#termmax @TermMax Wer schon einmal mit Bonds über den Thekenhandel gehandelt hat, ist bei den beiden Worten „Laufzeit“ naturgemäß besonders vorsichtig. Die Schwierigkeit liegt oft nicht in der Zinsberechnung, sondern darin, ob zum Fälligkeitstermin überhaupt ausreichend Kontrahenten zur Übernahme vorhanden sind. Der wahre Schmerzpunkt im Fixed-Income-Markt ist nie die Preisbildung, sondern dass jeder Fälligkeitstermin wie ein eigener Handelsmarkt ist – aber die gesamte Marktliquidität ist nun einmal begrenzt.$RE
Zunächst dachte ich, dass @TermMax mit diesem festen Zinssatz-Schema vor allem das Problem adressiert, dass bei variablen Zinssätzen die Rendite nicht steuerbar ist.

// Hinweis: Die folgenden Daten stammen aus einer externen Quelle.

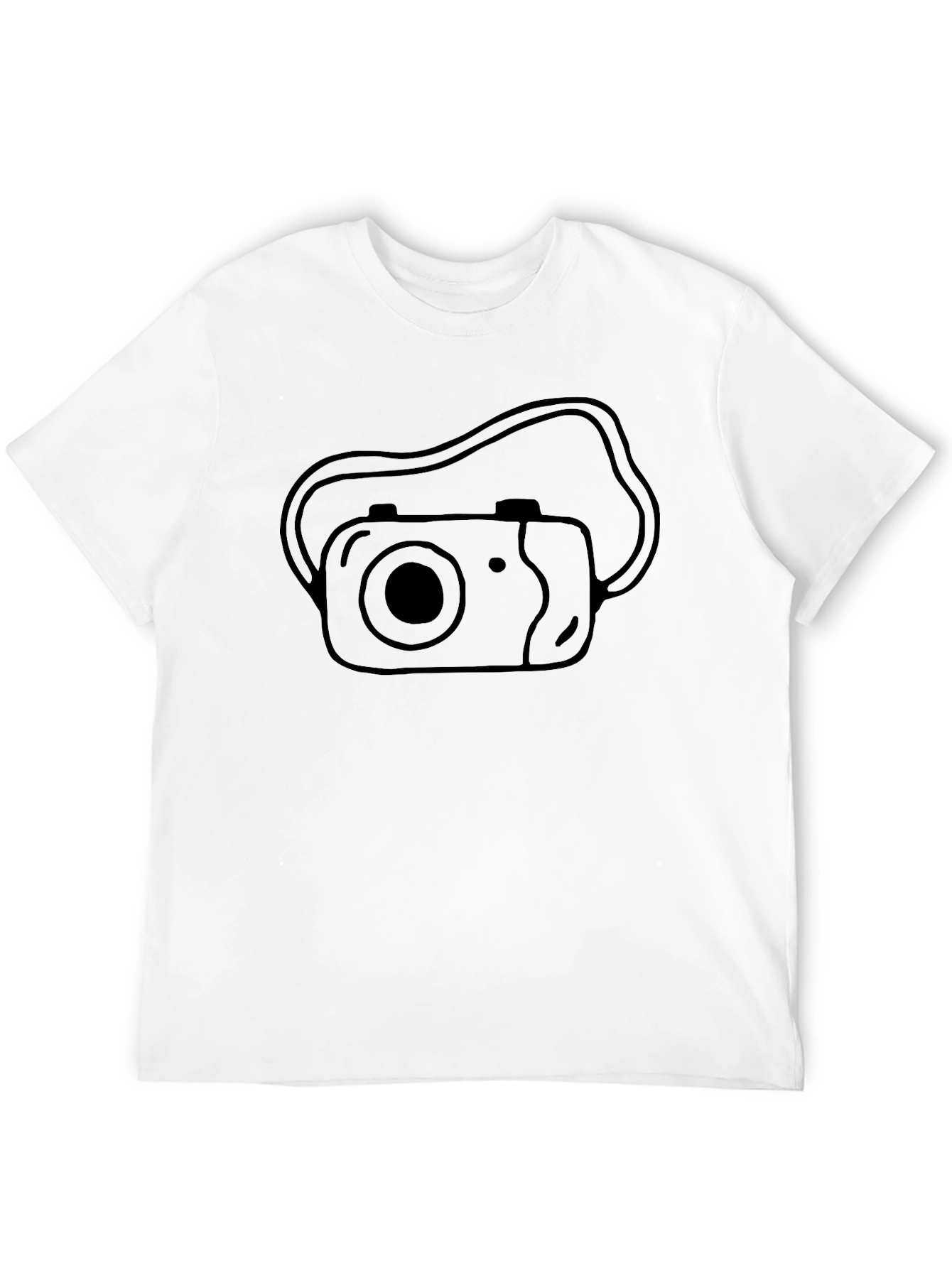 Black Camera Graphic Tee - Black Cotton T-Shirt view 12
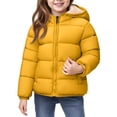 thumbnail image 1 of xaoyunyn Girls Hooded Puffer Jacket Winter Warm Fleece Lined Zipper Coats Trendy Solid Color Outerwear 3-8 Years, 1 of 4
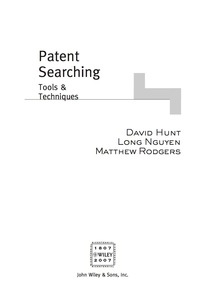 Titelbild: Patent Searching: Tools & Techniques 1st edition 9780471783794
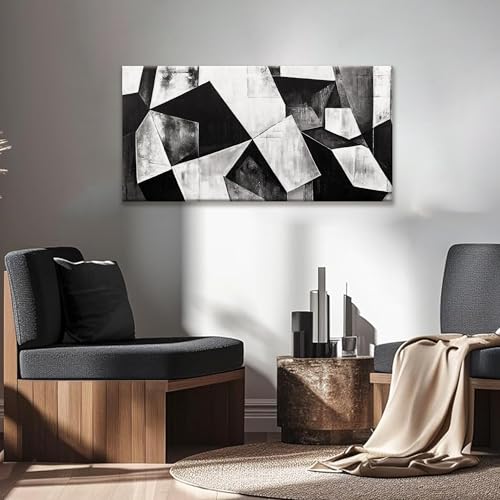 Black And White Wall Art Decor Canvas Art Wall Decor Minimalist Wall Art Geometric Color Block Canvas Artwork Paintings Wall Decor Modern Bedroom Art Office Home Decor Wall 20"X 40"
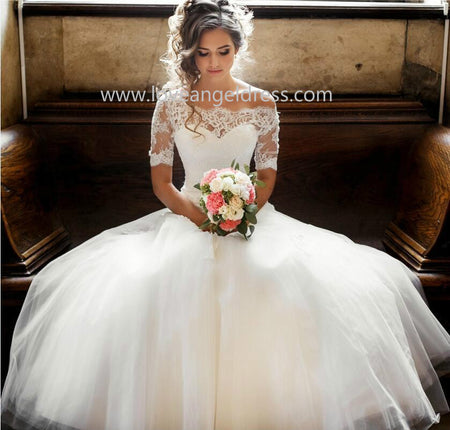 Appliques Sheath Wedding Lace Dress with Tulle Train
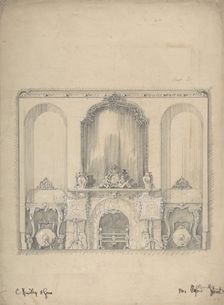 Design for a Wall with a Fireplace and Side Tables, 1841-84. Creator: Charles Hindley & Sons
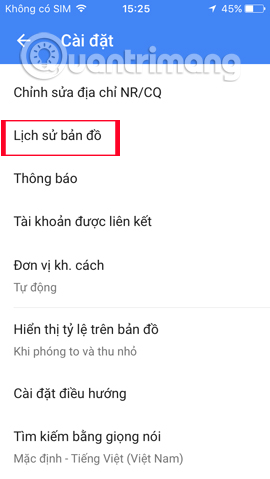 Lịch sử tìm kiếm Google Maps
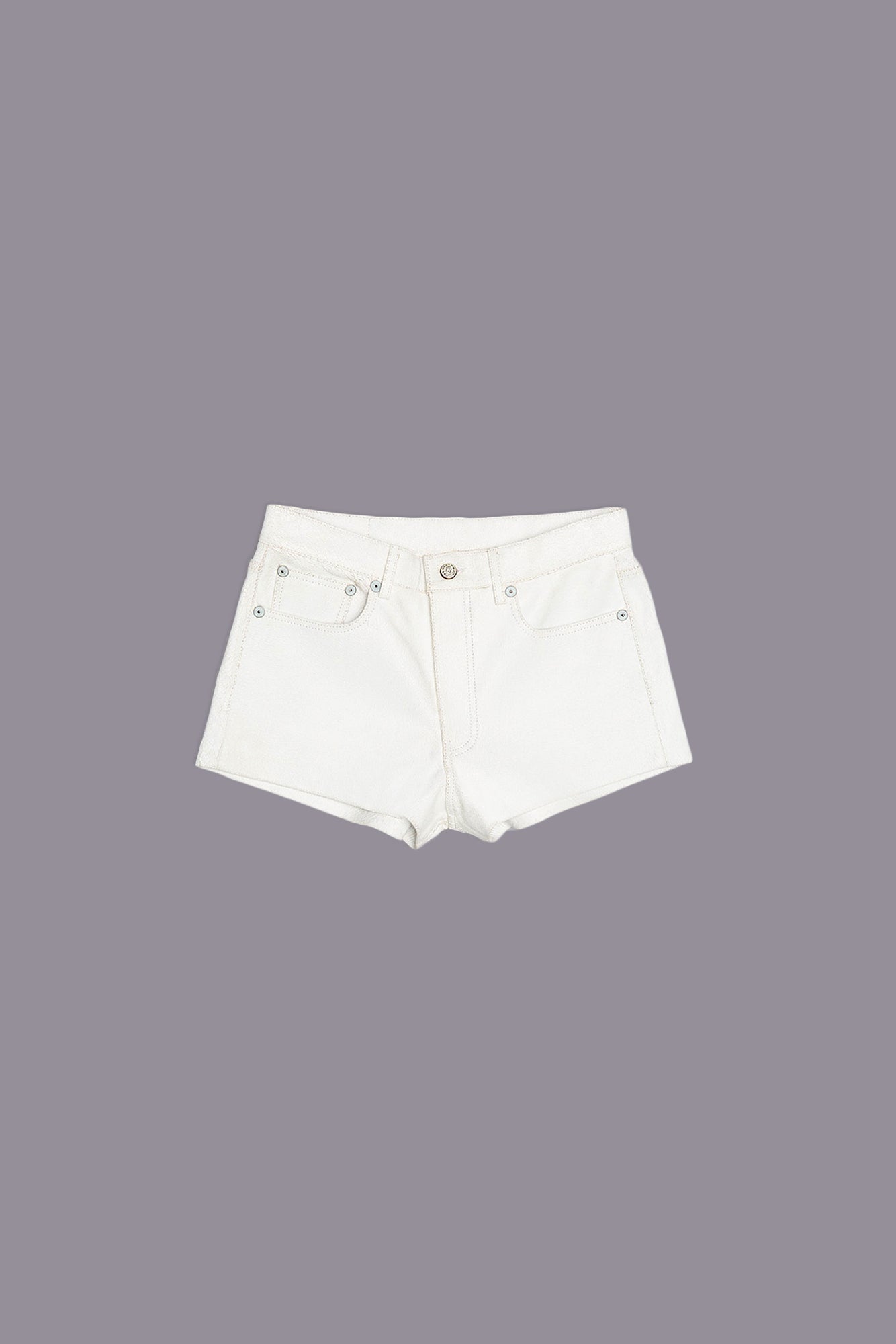 5-POCKET LEATHER SHORT - CRACKLE WHITE | R13 US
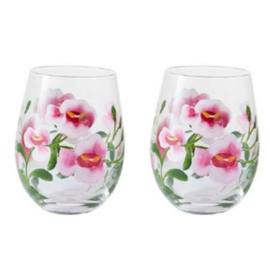 Mocktail/Tumbler glas set/2 Flora "Orchid" - Livellara Milano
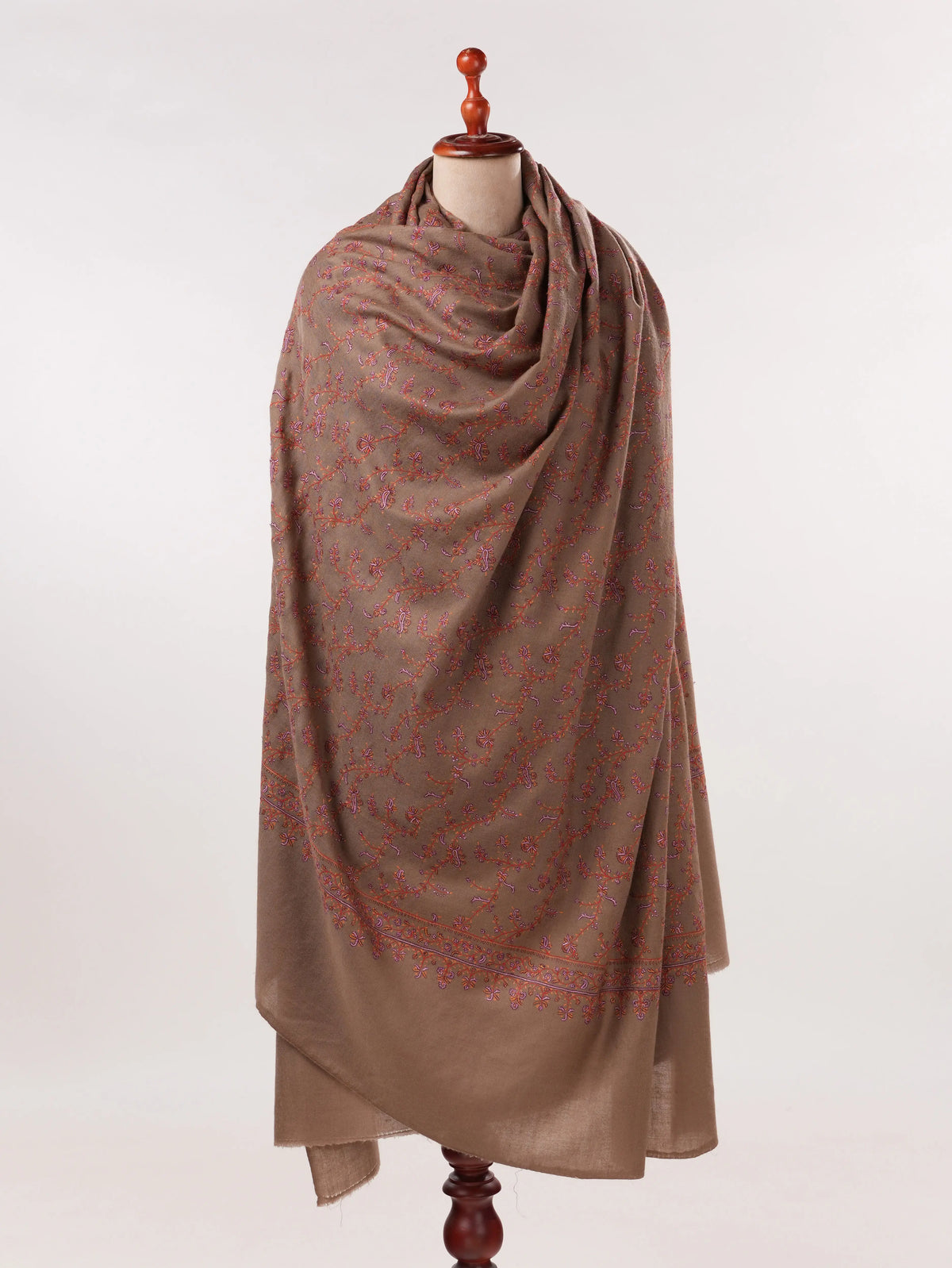 Oversized Natural Taupe Kashmiri Pashmina Shawl with Jali Embroidery Shahkaar.com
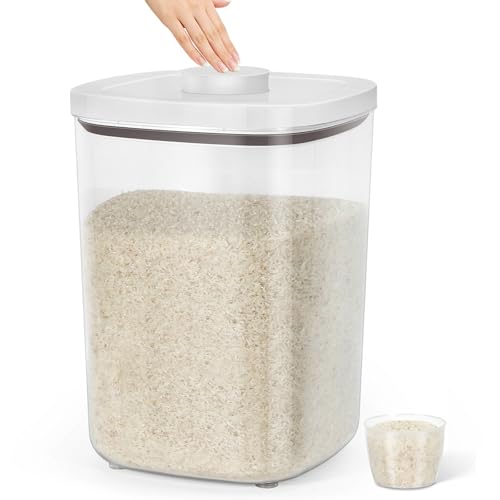 Large Rice Storage Container 15 - 20 Lbs, Airtight Dry Food Flour Container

Erst nachdem ich das Dokument gründlich durchgearbeitet hatte, wurde mir klar: Es löst zwar das alte Problem, bringt jedoch gleichzeitig eine noch schwierigere strukturelle Spannung hervor.$SKYAI
Zuerst das zugrunde liegende Prinzip klären: Das Protokoll codiert die Identität der Tokens fest. Zu jedem beliebigen Zeitpunkt gilt: 1 FT + 1 XT entspricht 1 Schuld-Token. Das ist kein Gleichgewichtspreis, der durch Marktverhandlung entstanden ist, sondern eine vertraglich festgeschriebene Identitätsbeziehung. FT kann bei Fälligkeit direkt gegen Schuld-Token eingelöst werden; im Gegensatz dazu hat XT nach der Fälligkeit keinen Erfüllungswert mehr, der Wert fällt auf null.
Auch das Gebühren-Design ist sehr klar: 2% Protokollgebühr werden nur auf den Zinsanteil erhoben und berühren das Kapital nicht. Nehmen wir als Beispiel eine einjährige Kreditposition mit 10% Jahresrendite. Die tatsächlichen Umlegungskosten belaufen sich nur auf 0,20% des Kapitals; bei einer kürzeren Laufzeit sinken die Gebühren entsprechend weiter. Betrachtet man nur die Preislogik, gibt es praktisch nichts zu beanstanden – aber das eigentliche Risiko liegt nicht in der Preisgestaltung.
Das feste Laufzeitmodell bedeutet, dass für jedes Fälligkeitsintervall ein eigener Orderbuchsatz gepflegt werden muss. 30 Tage, 90 Tage, 180 Tage werden jeweils zu eigenständigen Handels-Pools, und jeder Pool hat seine eigene „Handelstiefe“. Dasselbe Kapital ist bei einem variablen Zins-Pool vollständig als Liquidität vorhanden; wechselt man jedoch zu einem Multi-Laufzeiten-Fixed-Zinsmarkt, wird die Liquidität zerschnitten und verteilt. Je mehr wählbare Fälligkeitstermine es gibt, desto vielfältiger sind die Optionen für Nutzer – aber die Liquidität in jedem einzelnen Pool wird entsprechend dünner.
Diese Architektur führt zu zwei Aspekten, die man nicht vermeiden kann – es handelt sich um ein grundlegendes Merkmal von Fixed-Term-Produkten, nicht um einen simplen Design-Fehler.
Erstens das Risiko des Rollovers (Prolongation). Nach Ablauf der Laufzeit muss der Kreditnehmer entweder die Schuld begleichen oder die Finanzierung verlängern. Wenn viele Positionen auf denselben Zeitpunkt konzentriert fällig werden, entsteht auf dem Markt ein gebündelter Verlängerungsbedarf. An diesem Punkt steigen die Kosten für die Suche nach einem Handelspartner drastisch.